Washington, Jan 16 : NASA has brought out a new book in Braille language that will make it possible for the visually impaired to experience images of the cosmos taken by different observatories.
Launched at a ceremony at the National Federation of the Blind on January 15 in Baltimore, USA, the 60-page book titled "Touch the Invisible Sky", has color images of nebulae, stars, galaxies and some of the telescopes that captured the original pictures.
Each image is embossed with lines, bumps and other textures. These raised patterns translate colors, shapes and other intricate details of the cosmic objects, allowing visually impaired people to experience them. raille and large-print descriptions accompany each of the book's 28 photographs, making the book's design accessible to readers of all visual abilities.

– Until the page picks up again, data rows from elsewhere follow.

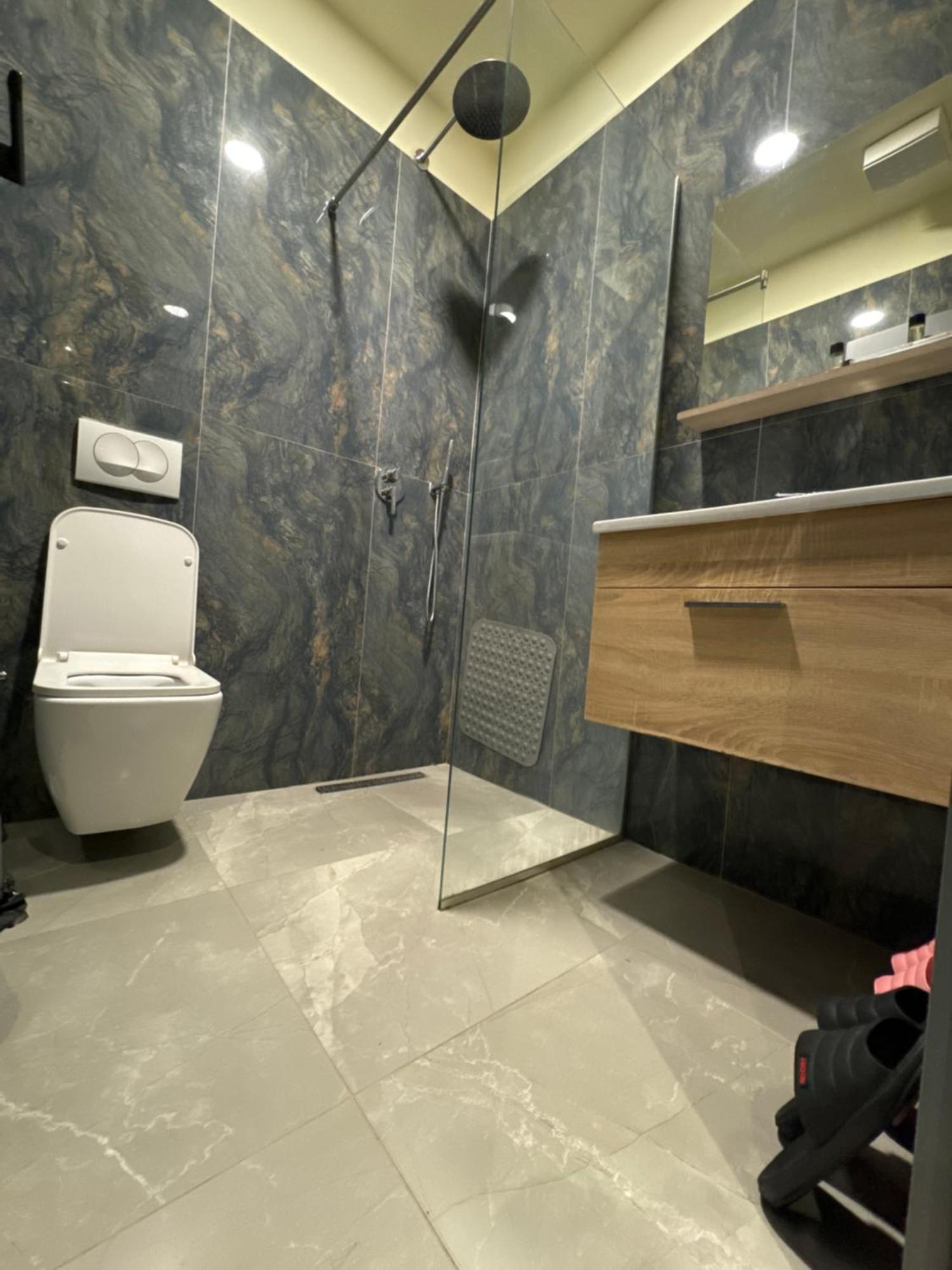 Hotel Tirona Tirana Bagian luar foto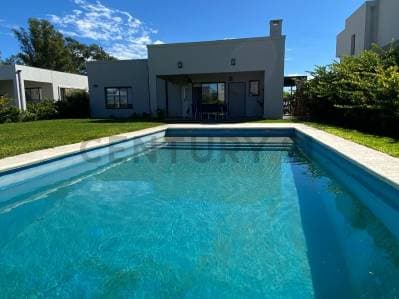 CASA CON PILETA PARQUIZADA - Principal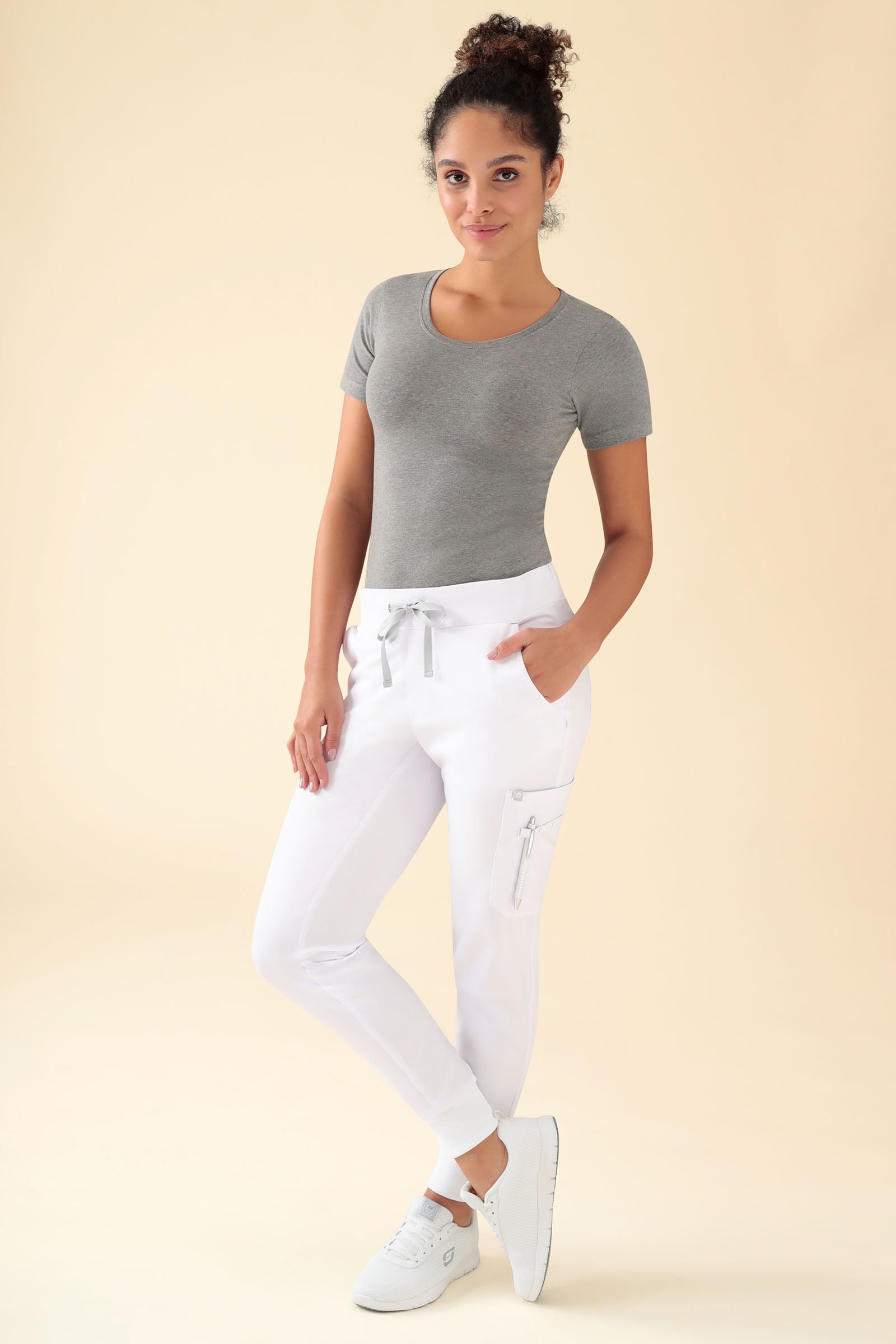 KAERE Pantalon Femme - avec poches cargo et ourlets côtelés blanc, Vue de face Le mannequin mesure 176 cm et porte la taille S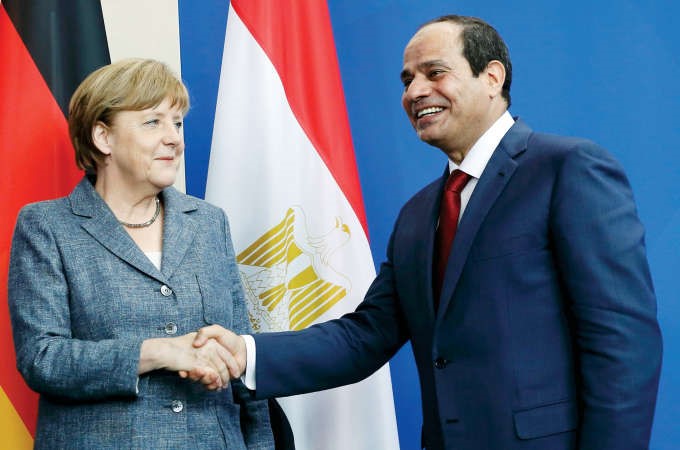 الرئيس المصري عبدالفتاح السيسي والمستشارة الالمانية انجيلا ميركل خلال مؤتمرهما الصحافي المشترك في برلين امس رويترز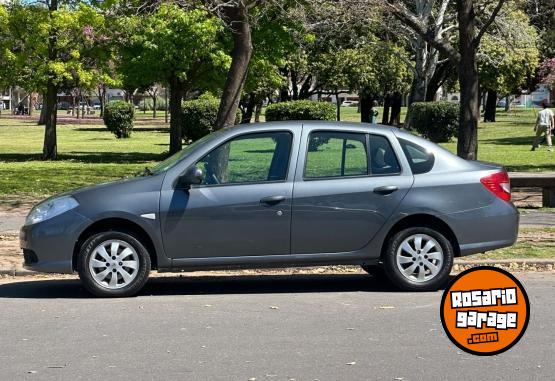 Autos - Renault Symbol 2013 Nafta 71300Km - En Venta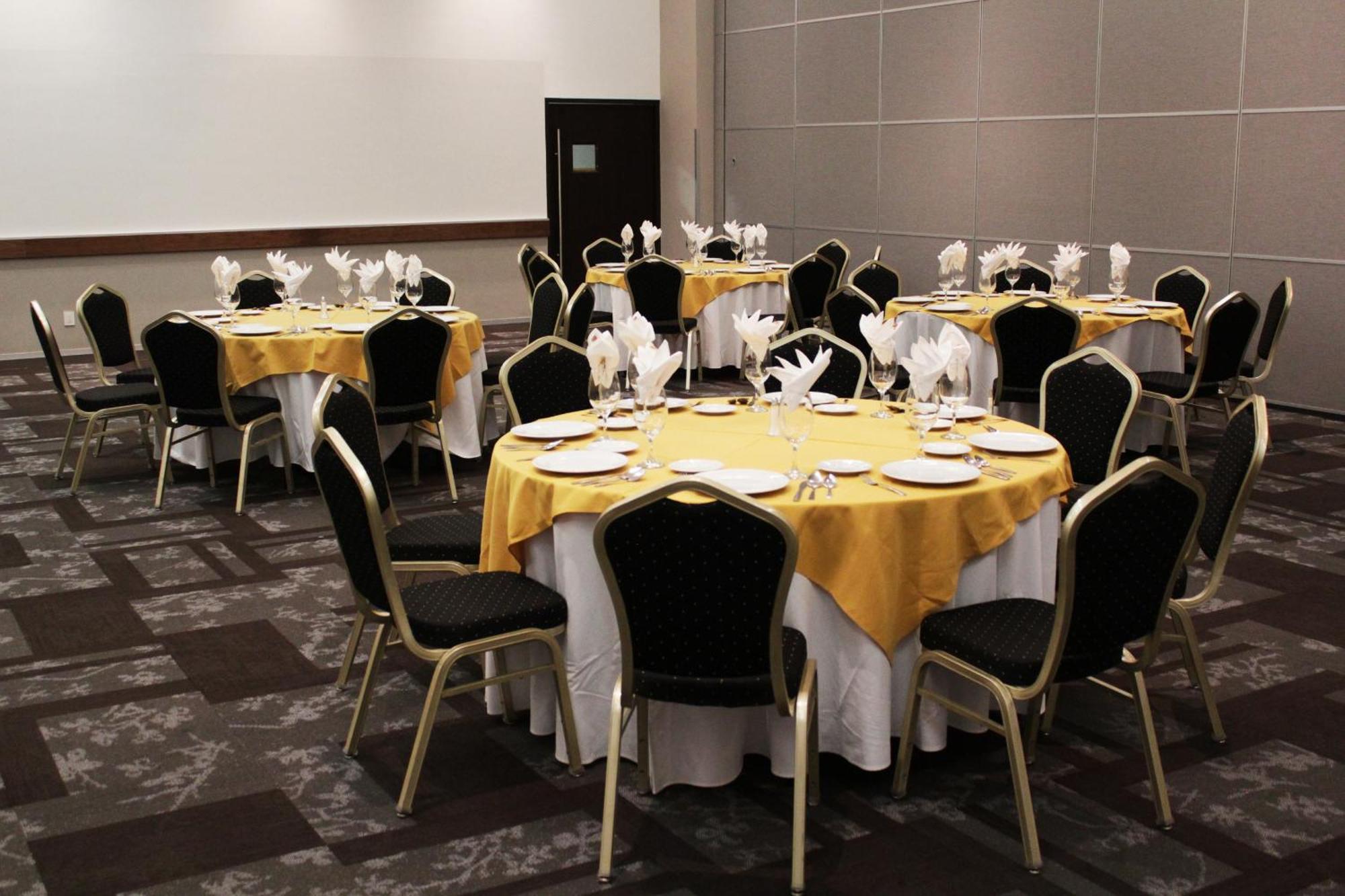 Casa Inn Premium Hotel Queretaro Miranda Exterior photo Banquet Hall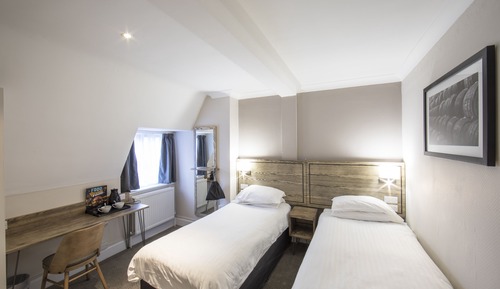 Chambre avec lits jumeaux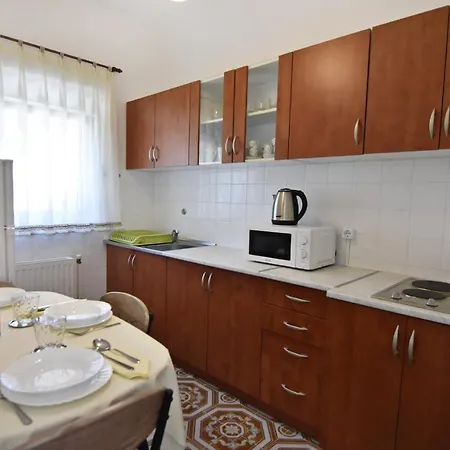 With Parking Space - 21359 Apartman *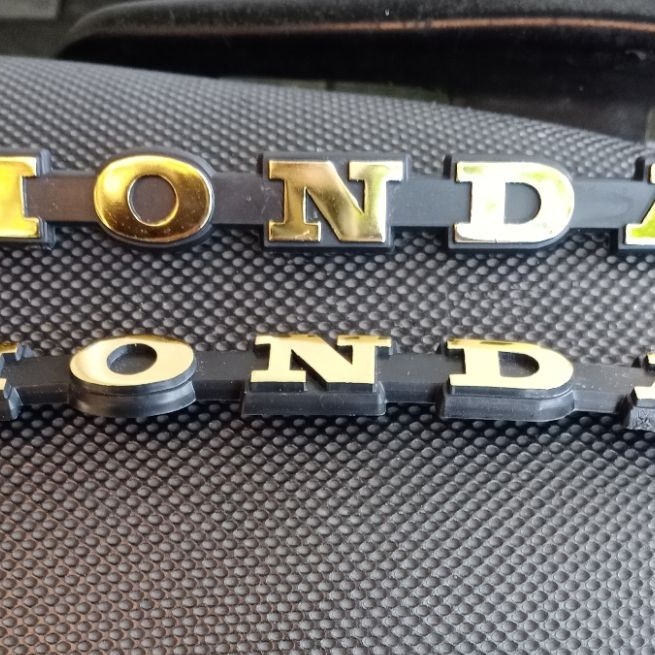Emblem Tangki Honda Supercup C700 C800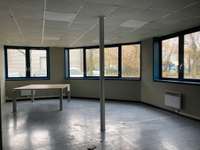 logistics - Local d’activités À Louer - gallery thumbnail - 8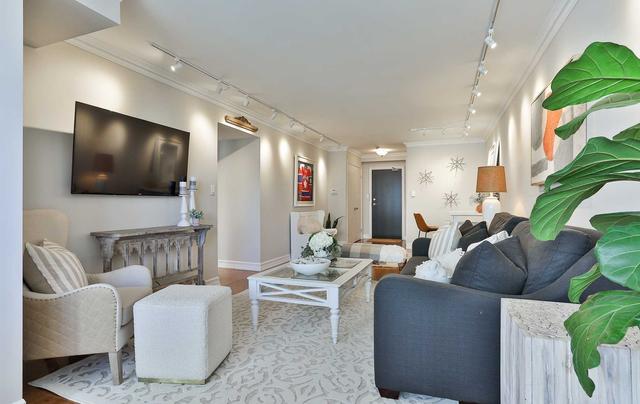 1706 - 30 Holly St, Condo with 2 bedrooms, 2 bathrooms and 1 parking in Toronto ON | Image 27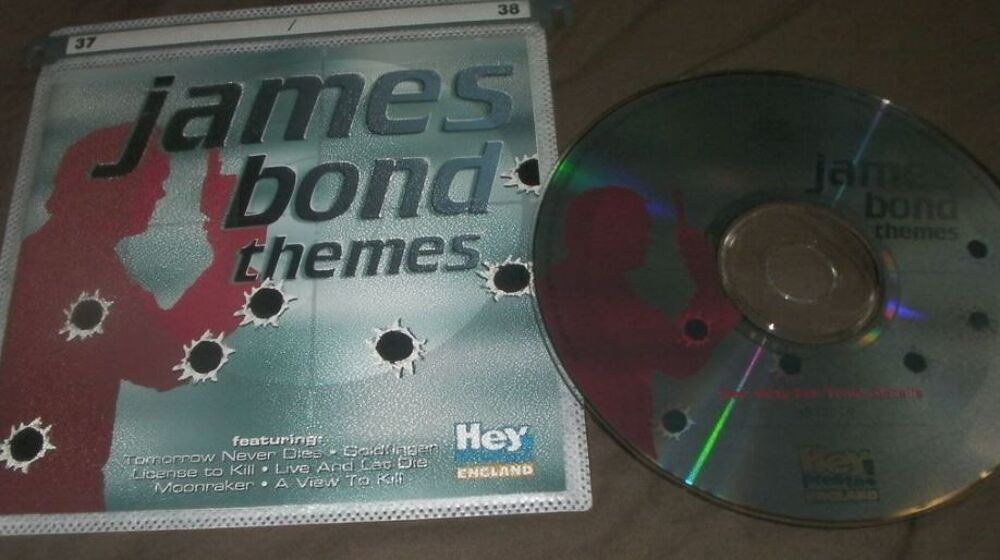 6€ CD musique de James Bond CD et vinyles
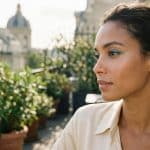 L'eyeliner turquoise détrône le noir cet été et illumine le regard en un trait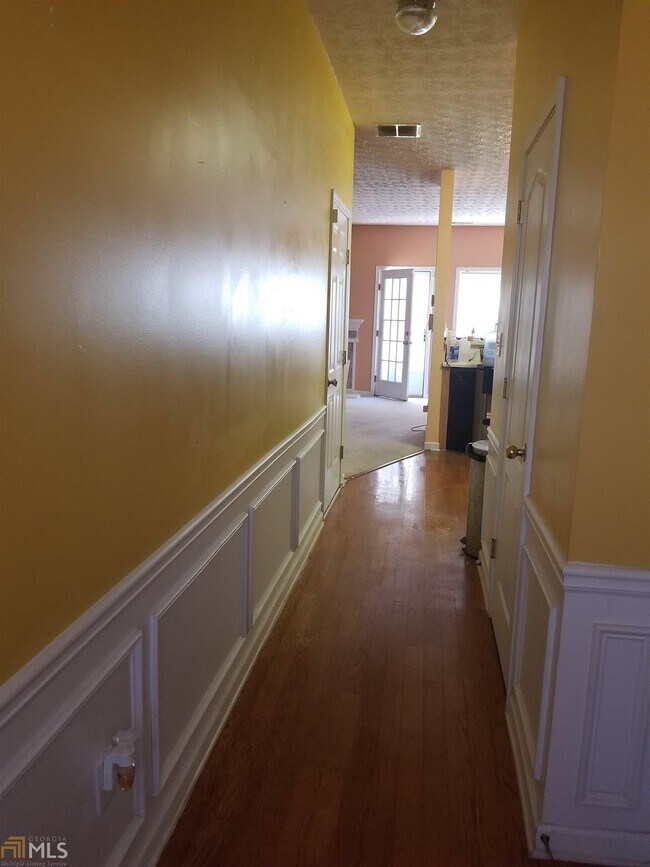 Building Photo - 2997 Heritage Villa Dr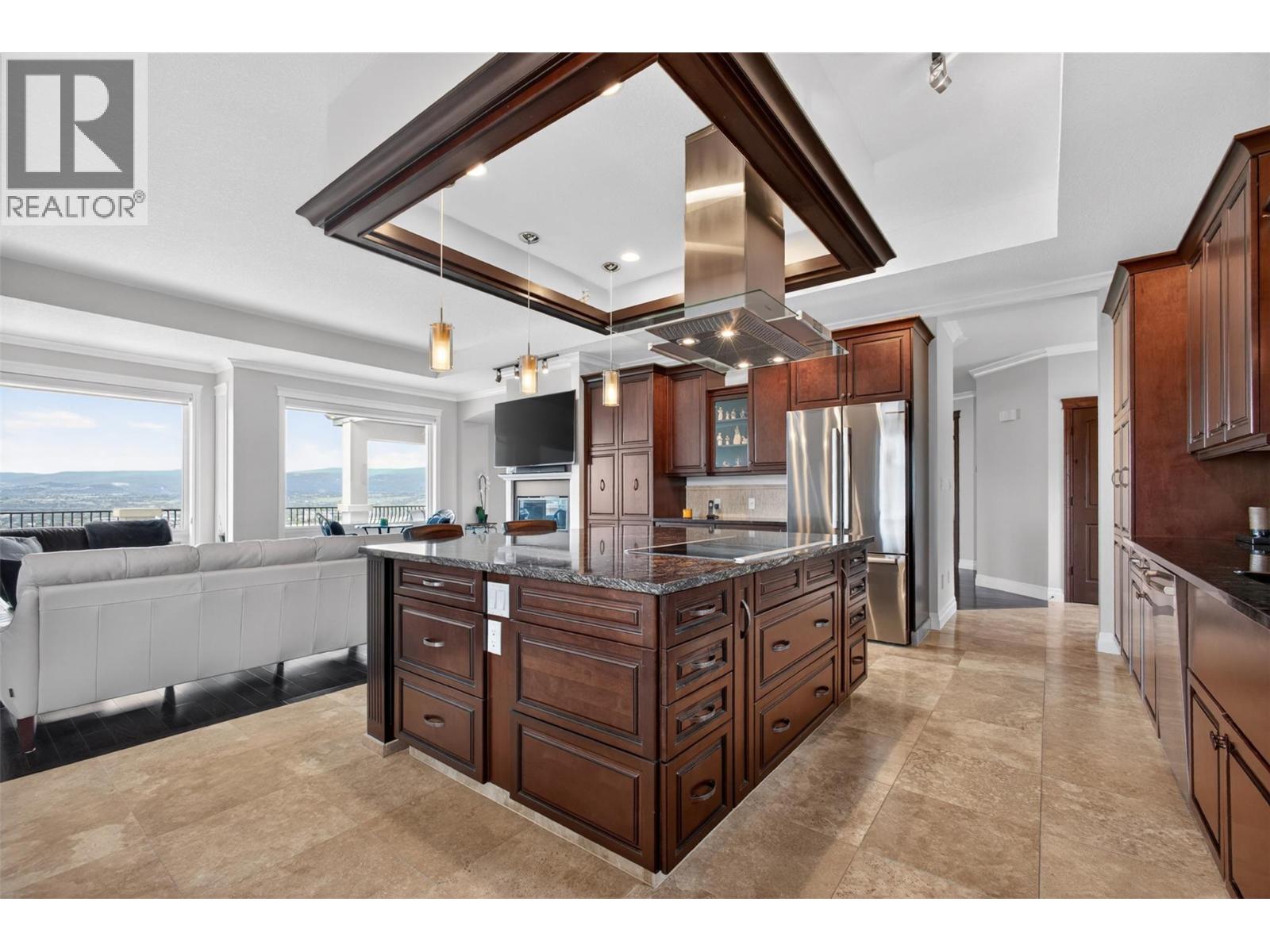 2346 Bridgeview Road - 12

"One of the greatest challenges faced by blind students who are interested in scientific study is that certain kinds of information are not available to them in a non-visual form," said Marc Maurer, president of the National Federation of the Blind.
"Books like this one are an invaluable resource because they allow the blind access to information that is normally presented through visual observation and media. Given access to this information, blind students can study and compete in scientific fields as well as their sighted peers," he added.
According to NASA officials, the book contains images from the Hubble Space Telescope, Chandra X-ray Observatory, Spitzer Space Telescope and powerful ground-based telescopes.
The celestial objects are presented as they appear through visible-light telescopes and different spectral regions invisible to the naked eye, from radio to infrared, visible, ultraviolet and X-ray light. The book also introduces the concept of light and the spectrum and explains how the different observatories complement each other's findings.
Overall, the readers get to experience a cosmic journey beginning with images of the sun, relics of exploding and dying stars, as well as the Whirlpool galaxy and colliding Antennae galaxies.
The book will be available to the public through a wide variety of sources, including NASA libraries, the National Federation of the Blind, Library of Congress repositories, schools for the blind, libraries, museums and science centers.
"About 10 million visually impaired people live in the United States," said astronomy educator and accessibility specialist Noreen Grice. "I hope this book will be a unique resource for people who are sighted or blind to better understand the part of the universe that is invisible to all of us," he added.